Introducing Expected Goals 2.0 and its Byproducts by Drew Olsen

Many of the features listed below from our shot-by-shot data for 2013 and 2014 can be found above by hovering over the "Expected Goals 2.0" link. Last month, I wrote an article explaining our method for calculating Expected Goals 1.0, based only on the six shot locations. Now, we have updated our methods with the cool, new, sleek Expected Goals 2.0.

Recall that in calculating expected goals, the point is to use shot data to effectively suggest how many goals a team or player "should have scored." This gives us an idea of how typical teams and players finish, given certain types of opportunities, and then allows us to predict how they might do in the future. Using shot locations, if teams are getting a lot of shots from, say, zone 2 (the area around the penalty spot), then they should be scoring a lot of goals.

Expected Goals 2.0 for Teams

Now, in the 2.0 version, it's not only about shot location. It's also about whether or not shots are being taken with the head or the foot, and whether or not they come from corner kicks. Data from the 2013 season suggest that not only are header and corner kick shot totals predictive of themselves (stable metrics), but they also lead to lower finishing rates. Thus, teams that fare exceptionally well or poorly in these categories will now see changes in their Expected Goals metrics.
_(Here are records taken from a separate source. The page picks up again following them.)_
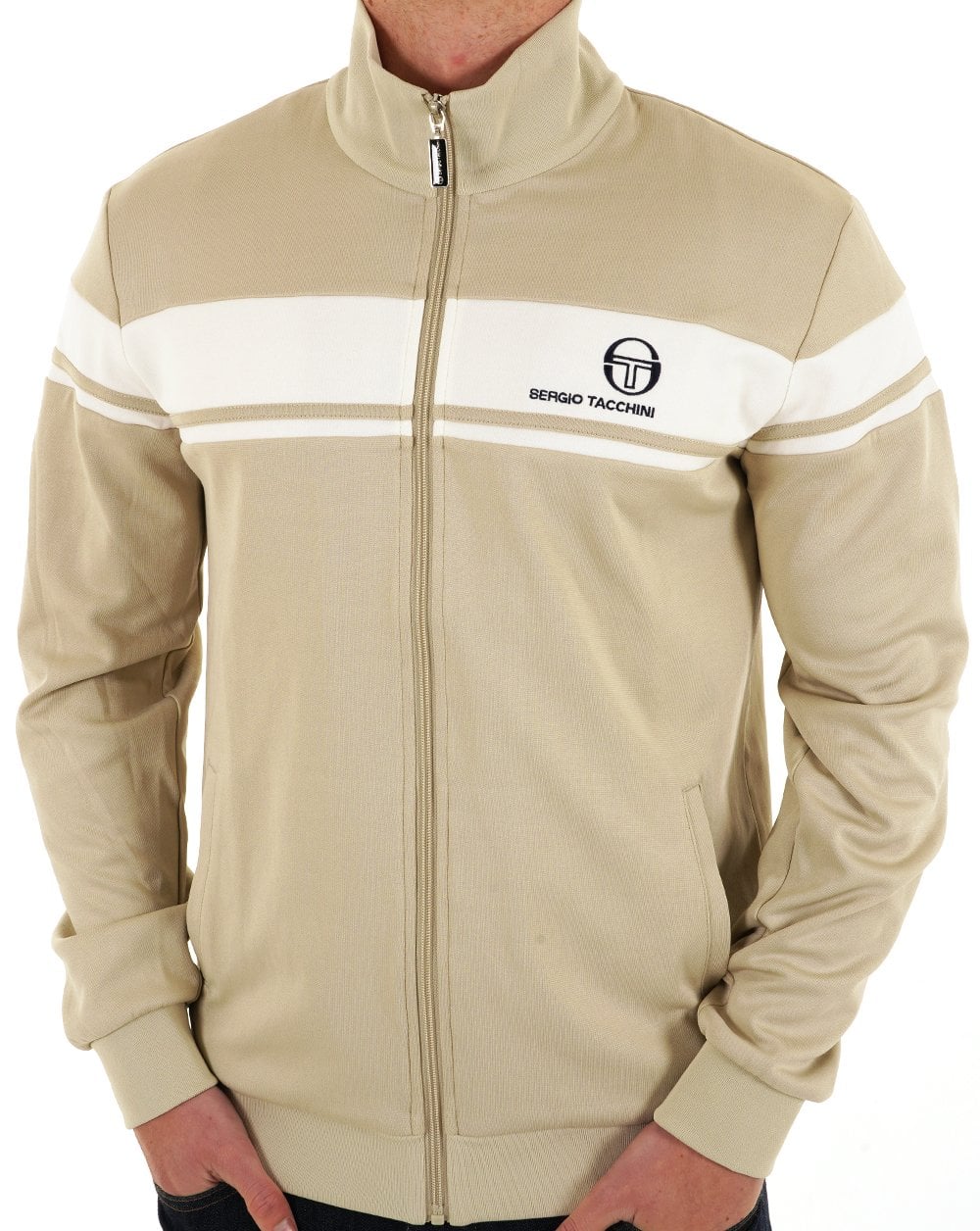 Sergio Tacchini Masters Track Top Stone/Gardenia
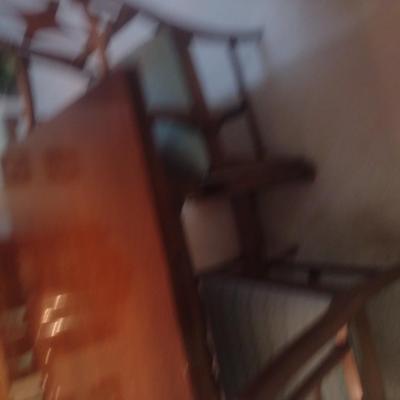 Stunning Antique John Wanamaker of New York Dining Table with Six Matching Chairs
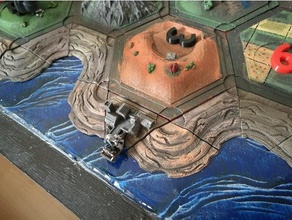 les colons de catan plage port jouets & accessoires jeux morceaux 3d print model - Mito3D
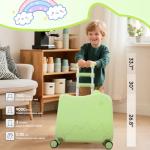 Apelila 18" Kids Ride-On Carry On Suitcase
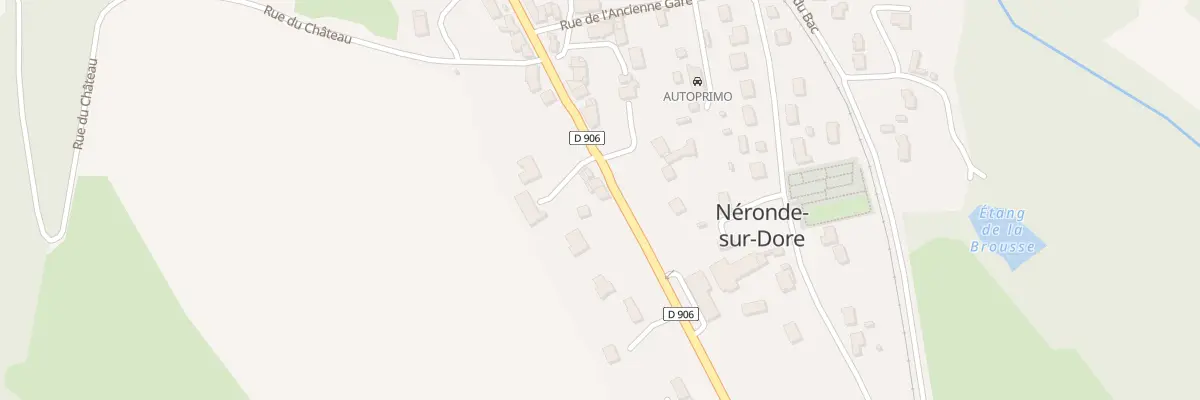 Plan du 22 Rte de Courpière à Néronde-sur-Dore
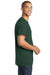 District DT5000 Mens The Concert Short Sleeve Crewneck T-Shirt Forest Green Model Side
Example: In 2013, Portland took a low percentage of its total shots as headers (15.4%), as well as a low percentage of its total shots from corner kicks (12.3%). Conversely, it allowed higher percentages of those types of shots to its opponents (19.2% and 15.0%, respectively). Presumably, the Timbers' style of play encourages this behavior, and this is why the 2.0 version of Expected Goal Differential (xGD) liked the Timbers more so than the 1.0 version

We also calculate Expected Goals 2.0 contextually--specifically during times periods of an even score (even gamestate)--for your loin-tickling pleasure.

Expected Goals 2.0 for Players

Another addition from the new data we have is that we can assess players' finishing ability while controlling for the various types of shots. Players' goal totals can be compared to their Expected Goals totals in an attempt to quantify their finishing ability. Finishing is still a controversial topic, but it's this type of data that will help us to separate out good and bad finishers, if those distinctions even exist. Even if finishing is not a repeatable skill, players with consistently high Expected Goals totals may be seen as players that get themselves into dangerous positions on the pitch--perhaps a skill in its own right.

The other primary player influencing any shot is the main guy trying to stop it, the goalkeeper. This data will someday soon be used to assess goalkeepers' saving abilities, based on the types of shot taken (location, run of play, body part), how well the shot was placed in the goal mouth, and whether the keeper gave up a dangerous rebound. Thus for keepers we will have goals allowed versus expected goals allowed.

Win Expectancy

Win Expectancy is something that exists for both Major League Baseball and the National Football League, and we are now introducing it here for Major League Soccer. When the away team takes the lead in the first 15 minutes, what does that mean for their chances of winning? These are the questions that can be answered by looking at past games in which a similar scenario unfolded. We will keep Win Expectancy charts updated based on 2013 and 2014 data.